Problem details – Stop after the line that contains "map with landmarks"; until then, restate each line of the entries word for word from the very first.

Dataset excerpts:
= = = = = = =
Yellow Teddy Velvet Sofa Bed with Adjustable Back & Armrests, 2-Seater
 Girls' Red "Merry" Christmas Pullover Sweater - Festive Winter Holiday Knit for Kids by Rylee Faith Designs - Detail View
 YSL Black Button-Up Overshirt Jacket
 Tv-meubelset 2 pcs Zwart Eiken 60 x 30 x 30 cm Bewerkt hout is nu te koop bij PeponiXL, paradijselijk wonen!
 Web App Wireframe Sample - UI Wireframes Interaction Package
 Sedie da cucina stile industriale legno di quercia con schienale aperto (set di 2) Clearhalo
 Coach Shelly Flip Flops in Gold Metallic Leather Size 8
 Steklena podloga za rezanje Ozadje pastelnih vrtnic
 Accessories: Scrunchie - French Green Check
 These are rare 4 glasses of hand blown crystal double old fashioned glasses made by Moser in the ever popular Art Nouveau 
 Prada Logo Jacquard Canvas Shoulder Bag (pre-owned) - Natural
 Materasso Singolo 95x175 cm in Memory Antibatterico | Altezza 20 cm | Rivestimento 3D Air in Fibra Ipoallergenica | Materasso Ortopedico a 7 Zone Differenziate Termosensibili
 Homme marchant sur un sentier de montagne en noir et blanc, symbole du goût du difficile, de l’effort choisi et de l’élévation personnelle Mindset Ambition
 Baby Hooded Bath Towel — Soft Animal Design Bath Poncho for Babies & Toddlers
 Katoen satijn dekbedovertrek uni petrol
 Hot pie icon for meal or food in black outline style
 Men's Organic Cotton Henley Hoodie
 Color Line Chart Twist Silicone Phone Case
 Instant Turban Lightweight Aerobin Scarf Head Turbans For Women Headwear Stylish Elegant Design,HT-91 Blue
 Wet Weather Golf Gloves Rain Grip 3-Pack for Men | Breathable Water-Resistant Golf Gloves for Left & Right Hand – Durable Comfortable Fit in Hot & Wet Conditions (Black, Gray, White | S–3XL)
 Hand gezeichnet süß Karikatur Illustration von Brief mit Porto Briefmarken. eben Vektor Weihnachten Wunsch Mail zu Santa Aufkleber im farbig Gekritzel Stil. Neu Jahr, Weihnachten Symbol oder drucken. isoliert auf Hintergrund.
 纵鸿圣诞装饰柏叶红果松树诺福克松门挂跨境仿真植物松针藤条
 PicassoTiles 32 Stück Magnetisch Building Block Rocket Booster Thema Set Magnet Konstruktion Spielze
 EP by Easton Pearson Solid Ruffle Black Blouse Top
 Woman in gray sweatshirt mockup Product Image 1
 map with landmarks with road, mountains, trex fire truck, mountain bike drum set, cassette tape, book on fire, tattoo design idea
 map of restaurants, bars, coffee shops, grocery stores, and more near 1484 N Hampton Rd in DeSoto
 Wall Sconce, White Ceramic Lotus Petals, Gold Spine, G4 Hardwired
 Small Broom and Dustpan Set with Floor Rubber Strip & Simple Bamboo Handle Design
= = = = = = =
Task result –
Yellow Teddy Velvet Sofa Bed with Adjustable Back & Armrests, 2-Seater
 Girls' Red "Merry" Christmas Pullover Sweater - Festive Winter Holiday Knit for Kids by Rylee Faith Designs - Detail View
 YSL Black Button-Up Overshirt Jacket
 Tv-meubelset 2 pcs Zwart Eiken 60 x 30 x 30 cm Bewerkt hout is nu te koop bij PeponiXL, paradijselijk wonen!
 Web App Wireframe Sample - UI Wireframes Interaction Package
 Sedie da cucina stile industriale legno di quercia con schienale aperto (set di 2) Clearhalo
 Coach Shelly Flip Flops in Gold Metallic Leather Size 8
 Steklena podloga za rezanje Ozadje pastelnih vrtnic
 Accessories: Scrunchie - French Green Check
 These are rare 4 glasses of hand blown crystal double old fashioned glasses made by Moser in the ever popular Art Nouveau 
 Prada Logo Jacquard Canvas Shoulder Bag (pre-owned) - Natural
 Materasso Singolo 95x175 cm in Memory Antibatterico | Altezza 20 cm | Rivestimento 3D Air in Fibra Ipoallergenica | Materasso Ortopedico a 7 Zone Differenziate Termosensibili
 Homme marchant sur un sentier de montagne en noir et blanc, symbole du goût du difficile, de l’effort choisi et de l’élévation personnelle Mindset Ambition
 Baby Hooded Bath Towel — Soft Animal Design Bath Poncho for Babies & Toddlers
 Katoen satijn dekbedovertrek uni petrol
 Hot pie icon for meal or food in black outline style
 Men's Organic Cotton Henley Hoodie
 Color Line Chart Twist Silicone Phone Case
 Instant Turban Lightweight Aerobin Scarf Head Turbans For Women Headwear Stylish Elegant Design,HT-91 Blue
 Wet Weather Golf Gloves Rain Grip 3-Pack for Men | Breathable Water-Resistant Golf Gloves for Left & Right Hand – Durable Comfortable Fit in Hot & Wet Conditions (Black, Gray, White | S–3XL)
 Hand gezeichnet süß Karikatur Illustration von Brief mit Porto Briefmarken. eben Vektor Weihnachten Wunsch Mail zu Santa Aufkleber im farbig Gekritzel Stil. Neu Jahr, Weihnachten Symbol oder drucken. isoliert auf Hintergrund.
 纵鸿圣诞装饰柏叶红果松树诺福克松门挂跨境仿真植物松针藤条
 PicassoTiles 32 Stück Magnetisch Building Block Rocket Booster Thema Set Magnet Konstruktion Spielze
 EP by Easton Pearson Solid Ruffle Black Blouse Top
 Woman in gray sweatshirt mockup Product Image 1
 map with landmarks with road, mountains, trex fire truck, mountain bike drum set, cassette tape, book on fire, tattoo design idea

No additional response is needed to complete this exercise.